ロシアも幕末からシベリア開発で毛皮がヨーロッパで高く売れる・木材資源が豊富・石炭も出ることに目をつけて、デンマーク生まれのベーリングなどを探検に寄越して、シベリアとアメリカ、日本は地続きではなくて、海峡があるということを発見した。幕末はロシアは函館の開港を迫るまでになった。ロシアはとにかく太平洋に出れる不凍港が欲しかった。どこの国でも移民や移住が発生していることはご存じの通りで、その理由は人口の増加と飢え・地場産業の不振と戦争、そして疫病だ。
北海道への移住が多くなったのは明治33年(1900年)から明治42年(1909年)の10年間だ。福井県坂井市出身の北国諒星(本名奥田静夫)さんの歴史探訪「北海道移民史を知る!」(北海道出版企画センター)にこの10年間での県別ランクがある。(155p~156p)(1)富山県 6233人(札幌には立派な富山会館がある)(2)新潟県 5543人 (3)石川県 5043人 (4)青森県 4608人 (5)秋田県 4327人 (6)宮城県 4177人(札幌市白石区は宮城県白石市から移住してきたので命名された。

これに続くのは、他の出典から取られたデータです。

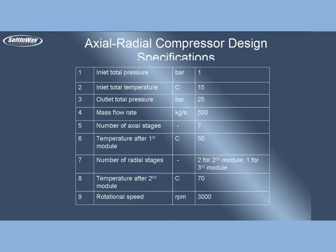Number of radial stages: 2 for second module and 1 for third, temperature after second module 70 Celsius, rotational speed 3000 rotation per minute.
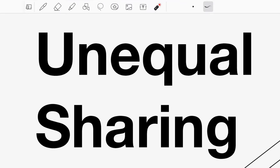Unequal sharing is simply where we divide an amount between two persons or amongst three or more persons where the shares are not equal. For example, if we have $100, equal sharing would be where two persons will each get $50.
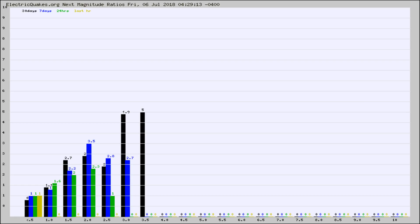Again, the black column is 30 days, blue is 7, green is 24 hours, and gold is in the last hour.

もともと白石村で村長がいたのだが札幌に合併された.。伊達市があるがここも伊達藩が移住してきたところである。温暖な土地で果樹栽培を始めた)(7)山形県 2921人 (8)福井県 2963人 (9)岩手県 2872人 (10)福島県 2538人 (11)徳島県 1927人(筆者の父方の母は鳴門市で石材店、母親の祖母は徳島市から阿波団体を組織してやってきて仁木町をつくったよさこいソーラン祭りのヒントになった阿波踊りも故郷をしのんで行われていた)(12)岐阜県 1866人(筆者の父方祖父が住んでいたらしいいが、詳しいいきさつは聞いていない)(13)香川県 1331人 (香川出身の社長が札幌に安くて美味しいうどん屋がないと嘆いていたのを思い出す)(14)愛媛県 869人 (15)鳥取県 800人 (16)広島県 751人(札幌近郊の北広島市は広島出身者が移住して開拓。現在、この町の少年野球は広島カープの赤ヘルユニホームを着ている。日ハム新球場はこの町の北広島高校の横に建設中だ。私の子供たちが出た高校だ)(17)兵庫県 750人。(18)高知県 729人 (19)滋賀県 530人。ほかに特徴的なのは、山梨県・三重県・奈良県(十津川村の水害に遭った村民が北海道に移住して新十津川村をつくった)・岡山県・山口県などは、団体移民として移住してきた。人間は移住しても、もとの故郷を忘れない。特に地名については再利用する。
作家・詩人・旅の名人の池澤夏樹さんが書いた「静かな大地」は淡路島から日高にやってきた一族の歴史がアイヌとの友情と苦悩を書いて感動した。いまは徳島県の淡路島であるが、当時、淡路藩と徳島藩は対立激しく、淡路藩は藩主の決断で船で日高にやってきたのである。当時、アイヌから馬の乗り方を教わったことから、日高を馬の産地として考えた主人公。初めは軍馬として繁栄するが、それが後の日高をサラブレッドの町へ押し上げた原動力だ。そういうことも読み取れる本。歴史は深い。ある一人の人の決断で歴史は変わる。北海道はそういう物語にあふれている。